After two days of idle time, we motored over to DeTour Passage. Our luck was improving and we waited for our next disaster. It came soon enough and the problem this time was us not having our VHF radio on. We crept up to the DeTour marina and looked around for a place to dock the boat for a few hours while we got our supplies. We headed up a narrow passageway and soon found out from a man we assumed was the Harbor Master, yelling and waving his arms at us, that we were in the wrong place. We were supposed to go to the shopper’s dock which was on the other side of the marina. He told us to turn on our radio. Good idea. He explained what dock we were to go to and we backed out of the passage which was no easy feat considering the way Hetarae steered.
We came up to a slip which we thought was suitable and as I jumped off the boat, the man yelled at us again. We were beginning to feel pretty stupid. Dennis then got the boat into the designated slip with much difficulty and many onlookers.
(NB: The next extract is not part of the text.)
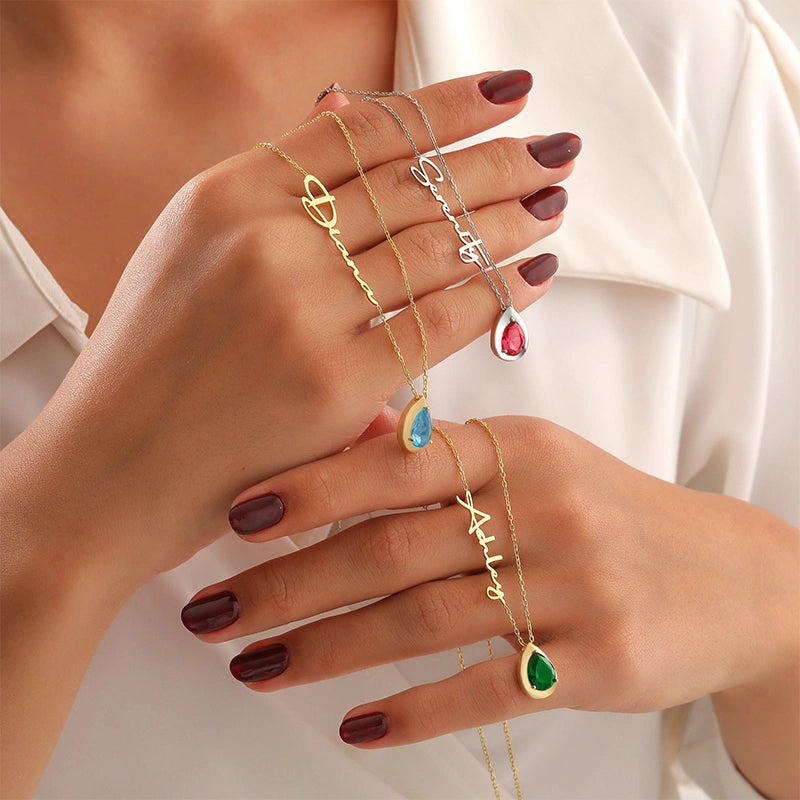 Colar com inicial em formato de bolha personalizada – Pingente com letra personalizada em prata de lei ou ouro 18K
We had a few heated words over the importance of communication via the VHF and turned to watch the Harbor Master yell at several other boaters coming in.
I went jogging and Dennis and Nick checked out the stores. As I came back from my fun, I watched Nick turn on and off every single tap along the entire dock. It was quite funny to see and I hoped that the Harbor Master was busy elsewhere.
That afternoon, we worked our way towards Les Cheneaux Islands. We had difficulty finding an anchorage that night. There were great little hidden places but the were populated with beautiful cottages and we didn’t want to intrude. Finally at 7:00, we anchored in front of Government Island. We quickly made supper and cleaned up. The water was icy cold and it made me long for a hot shower.
The next day was cloudy and drizzly. Our destination was Mackinac Island and we resigned ourselves to anchoring in the harbour. We had been told that we could wait for days to get a slip because it was such a popular spot.
We anchored, took the dinghy to the dinghy dock – where we felt welcome – and inquired about a slip. It just so happened that there were some available. Our luck was changing – there’d be hot showers tonight! We were ecstatic because we knew we’d be getting on and off the boat a lot as there was so much to do on Mackinac. Climbing down the ladder, into the dinghy, starting the motor, docking and climbing out of the dinghy was quite a procedure and we didn’t relish doing it three or four times a day, especially in rough water. Since the ferries seemed to zoom in and out of the harbour non-stop, the water was never calm.
We checked out our assigned slip and planned our docking procedure. Nick and I waited at the dock so we could grab the lines while Dennis went back to Hetarae. Well, we waited and waited. Finally, we saw him coming towards us. He maneuvered the boat skillfully into the slip. We tied up and asked him what took him so long. The poor guy had run out of gas and had to row back to Hetarae. His blisters had just healed from the last bout of rowing!
Mackinac Island was a lot of fun. We toured everything including The Grad Hotel, wax museum and the fort. We rented bikes for a day and even bought some fudge to sample. We met some very nice people and Nick was able to play with some other children. I roller-bladed around the island twice and for the first time since leaving home, was physically exhausted – what a great feeling!
We knew we had to press on southward and after two days, we said good-bye to Mackinac Island. We sailed under the Mackinac Bridge and left Lake Huron. It was very frightening in a way but also exciting to begin a new adventure.